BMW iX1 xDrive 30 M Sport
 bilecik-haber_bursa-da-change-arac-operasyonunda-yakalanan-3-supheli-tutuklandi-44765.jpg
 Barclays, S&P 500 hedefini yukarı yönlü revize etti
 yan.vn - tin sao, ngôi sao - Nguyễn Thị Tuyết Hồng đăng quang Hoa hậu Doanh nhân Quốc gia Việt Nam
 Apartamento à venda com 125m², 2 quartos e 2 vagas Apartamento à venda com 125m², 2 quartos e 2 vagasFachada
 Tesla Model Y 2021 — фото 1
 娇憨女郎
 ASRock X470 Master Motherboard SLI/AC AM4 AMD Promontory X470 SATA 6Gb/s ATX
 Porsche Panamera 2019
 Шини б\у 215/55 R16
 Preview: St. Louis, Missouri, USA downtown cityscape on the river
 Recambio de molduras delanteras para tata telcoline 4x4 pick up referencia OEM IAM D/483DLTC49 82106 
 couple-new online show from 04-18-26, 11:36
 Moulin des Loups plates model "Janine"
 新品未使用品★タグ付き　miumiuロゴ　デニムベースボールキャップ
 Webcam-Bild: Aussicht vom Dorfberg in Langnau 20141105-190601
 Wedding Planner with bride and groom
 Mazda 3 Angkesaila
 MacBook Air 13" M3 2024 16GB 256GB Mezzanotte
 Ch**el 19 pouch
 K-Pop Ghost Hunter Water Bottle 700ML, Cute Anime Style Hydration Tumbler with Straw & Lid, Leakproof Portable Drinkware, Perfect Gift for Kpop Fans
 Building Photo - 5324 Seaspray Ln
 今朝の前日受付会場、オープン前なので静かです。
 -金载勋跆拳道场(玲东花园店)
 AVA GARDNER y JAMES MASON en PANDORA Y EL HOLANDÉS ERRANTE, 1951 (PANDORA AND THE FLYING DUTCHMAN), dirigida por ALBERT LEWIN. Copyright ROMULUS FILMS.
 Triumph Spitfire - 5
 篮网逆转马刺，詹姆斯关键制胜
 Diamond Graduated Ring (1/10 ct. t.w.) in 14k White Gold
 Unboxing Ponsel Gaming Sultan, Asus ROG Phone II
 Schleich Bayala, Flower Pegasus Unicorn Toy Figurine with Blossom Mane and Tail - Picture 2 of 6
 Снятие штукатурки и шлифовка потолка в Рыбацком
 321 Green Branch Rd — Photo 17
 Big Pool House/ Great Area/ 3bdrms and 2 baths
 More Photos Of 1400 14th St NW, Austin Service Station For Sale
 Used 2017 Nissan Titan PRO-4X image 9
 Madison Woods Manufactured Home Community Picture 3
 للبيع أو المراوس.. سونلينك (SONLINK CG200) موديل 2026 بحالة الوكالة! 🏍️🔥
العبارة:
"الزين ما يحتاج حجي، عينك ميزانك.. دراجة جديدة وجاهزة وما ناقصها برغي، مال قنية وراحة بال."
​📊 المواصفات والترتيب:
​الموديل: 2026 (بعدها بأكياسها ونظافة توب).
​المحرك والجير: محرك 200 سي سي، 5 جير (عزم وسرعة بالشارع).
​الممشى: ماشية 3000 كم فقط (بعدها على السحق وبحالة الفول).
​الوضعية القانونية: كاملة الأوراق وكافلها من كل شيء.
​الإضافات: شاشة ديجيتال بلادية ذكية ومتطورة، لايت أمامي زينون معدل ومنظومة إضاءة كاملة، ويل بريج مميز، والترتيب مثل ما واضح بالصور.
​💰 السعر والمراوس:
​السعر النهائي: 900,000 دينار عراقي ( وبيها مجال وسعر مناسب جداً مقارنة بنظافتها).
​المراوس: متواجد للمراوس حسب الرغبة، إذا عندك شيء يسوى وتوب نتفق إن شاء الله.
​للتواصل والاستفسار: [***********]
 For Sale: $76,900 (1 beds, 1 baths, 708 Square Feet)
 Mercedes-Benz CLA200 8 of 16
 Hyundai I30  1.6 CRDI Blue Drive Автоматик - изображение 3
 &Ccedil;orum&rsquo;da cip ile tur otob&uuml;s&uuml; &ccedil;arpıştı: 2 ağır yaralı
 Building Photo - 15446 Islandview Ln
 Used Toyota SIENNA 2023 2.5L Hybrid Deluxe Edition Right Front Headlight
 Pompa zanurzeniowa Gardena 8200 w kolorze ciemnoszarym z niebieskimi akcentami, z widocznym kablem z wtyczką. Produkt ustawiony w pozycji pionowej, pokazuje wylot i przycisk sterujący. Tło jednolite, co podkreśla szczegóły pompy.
○ ○ ○ ○
Prompt
Filter the records for lines holding the string "Picture". Copy each one.

Your response
 Schleich Bayala, Flower Pegasus Unicorn Toy Figurine with Blossom Mane and Tail - Picture 2 of 6
 Madison Woods Manufactured Home Community Picture 3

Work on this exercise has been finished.